* EXERCISE DETAILS *
Only one stretch of the data is wanted: the line containing "StarPopPH's tweet photo.", the line containing "Baroque Oval Ceiling", and every line between them, copied exactly.

[Data items]
((
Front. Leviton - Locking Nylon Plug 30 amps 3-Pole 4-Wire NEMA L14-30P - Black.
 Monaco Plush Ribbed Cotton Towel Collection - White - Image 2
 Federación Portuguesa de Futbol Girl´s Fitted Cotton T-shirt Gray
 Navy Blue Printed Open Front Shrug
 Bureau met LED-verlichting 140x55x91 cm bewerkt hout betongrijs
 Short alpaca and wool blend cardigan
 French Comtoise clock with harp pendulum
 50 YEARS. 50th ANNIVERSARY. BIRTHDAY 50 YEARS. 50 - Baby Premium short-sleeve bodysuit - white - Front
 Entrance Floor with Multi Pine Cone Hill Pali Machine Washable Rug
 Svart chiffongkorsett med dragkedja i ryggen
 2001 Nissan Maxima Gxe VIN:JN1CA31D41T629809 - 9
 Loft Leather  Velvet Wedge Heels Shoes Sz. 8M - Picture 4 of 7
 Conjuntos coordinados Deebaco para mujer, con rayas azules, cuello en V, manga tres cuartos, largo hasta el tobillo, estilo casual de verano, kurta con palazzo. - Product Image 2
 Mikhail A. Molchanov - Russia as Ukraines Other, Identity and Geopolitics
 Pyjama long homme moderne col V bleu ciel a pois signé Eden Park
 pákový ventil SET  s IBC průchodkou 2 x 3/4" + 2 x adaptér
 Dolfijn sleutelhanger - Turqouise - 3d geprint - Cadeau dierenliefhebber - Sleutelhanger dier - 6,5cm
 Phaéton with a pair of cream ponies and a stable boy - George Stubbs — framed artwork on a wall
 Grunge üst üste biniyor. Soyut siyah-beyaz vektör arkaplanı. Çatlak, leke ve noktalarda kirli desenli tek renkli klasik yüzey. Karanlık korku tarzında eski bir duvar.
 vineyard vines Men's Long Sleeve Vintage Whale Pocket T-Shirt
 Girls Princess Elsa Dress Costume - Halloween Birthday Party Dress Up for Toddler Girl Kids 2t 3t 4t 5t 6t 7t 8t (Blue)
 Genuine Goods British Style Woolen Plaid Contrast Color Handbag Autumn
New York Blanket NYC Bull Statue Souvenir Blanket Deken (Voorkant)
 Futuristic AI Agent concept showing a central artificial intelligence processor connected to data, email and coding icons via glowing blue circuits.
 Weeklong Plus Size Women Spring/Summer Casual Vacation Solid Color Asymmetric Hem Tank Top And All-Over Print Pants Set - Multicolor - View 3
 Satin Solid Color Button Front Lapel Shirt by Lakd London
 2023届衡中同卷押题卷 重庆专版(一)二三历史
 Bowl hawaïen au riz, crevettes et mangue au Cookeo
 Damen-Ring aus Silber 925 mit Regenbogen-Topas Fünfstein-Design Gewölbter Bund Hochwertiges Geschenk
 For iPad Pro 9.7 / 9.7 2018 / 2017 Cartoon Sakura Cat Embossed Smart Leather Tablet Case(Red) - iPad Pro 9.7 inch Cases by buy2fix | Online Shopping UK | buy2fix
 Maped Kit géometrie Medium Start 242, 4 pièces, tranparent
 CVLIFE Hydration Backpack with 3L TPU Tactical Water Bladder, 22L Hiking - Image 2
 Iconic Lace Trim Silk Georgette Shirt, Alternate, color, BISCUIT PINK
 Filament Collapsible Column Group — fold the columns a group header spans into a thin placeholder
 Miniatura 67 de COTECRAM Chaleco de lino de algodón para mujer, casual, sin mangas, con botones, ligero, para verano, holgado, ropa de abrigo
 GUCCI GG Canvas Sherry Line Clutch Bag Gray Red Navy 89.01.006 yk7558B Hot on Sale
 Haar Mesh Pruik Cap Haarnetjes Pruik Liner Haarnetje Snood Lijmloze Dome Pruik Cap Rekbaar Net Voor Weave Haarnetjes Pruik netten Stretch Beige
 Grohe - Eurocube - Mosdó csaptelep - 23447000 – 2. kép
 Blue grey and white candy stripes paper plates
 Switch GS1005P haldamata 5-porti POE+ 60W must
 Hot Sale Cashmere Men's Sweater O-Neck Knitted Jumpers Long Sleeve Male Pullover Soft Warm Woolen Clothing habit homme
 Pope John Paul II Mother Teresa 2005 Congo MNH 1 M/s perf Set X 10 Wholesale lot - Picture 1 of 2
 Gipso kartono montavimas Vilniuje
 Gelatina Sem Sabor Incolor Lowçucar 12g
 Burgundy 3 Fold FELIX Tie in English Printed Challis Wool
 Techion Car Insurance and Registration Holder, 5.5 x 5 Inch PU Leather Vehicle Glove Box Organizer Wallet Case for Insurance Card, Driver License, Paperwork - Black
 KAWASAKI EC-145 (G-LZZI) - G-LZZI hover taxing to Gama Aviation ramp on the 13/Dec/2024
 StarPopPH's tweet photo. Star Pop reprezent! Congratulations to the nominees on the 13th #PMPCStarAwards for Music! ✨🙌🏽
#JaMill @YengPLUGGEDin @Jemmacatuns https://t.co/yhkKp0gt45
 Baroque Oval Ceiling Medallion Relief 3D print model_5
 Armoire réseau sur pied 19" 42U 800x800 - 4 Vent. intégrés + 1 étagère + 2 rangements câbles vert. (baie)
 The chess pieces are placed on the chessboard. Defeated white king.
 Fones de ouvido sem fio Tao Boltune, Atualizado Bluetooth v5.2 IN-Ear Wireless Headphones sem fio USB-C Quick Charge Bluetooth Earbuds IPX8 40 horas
))
* TASK ANSWER *
 StarPopPH's tweet photo. Star Pop reprezent! Congratulations to the nominees on the 13th #PMPCStarAwards for Music! ✨🙌🏽
#JaMill @YengPLUGGEDin @Jemmacatuns https://t.co/yhkKp0gt45
 Baroque Oval Ceiling Medallion Relief 3D print model_5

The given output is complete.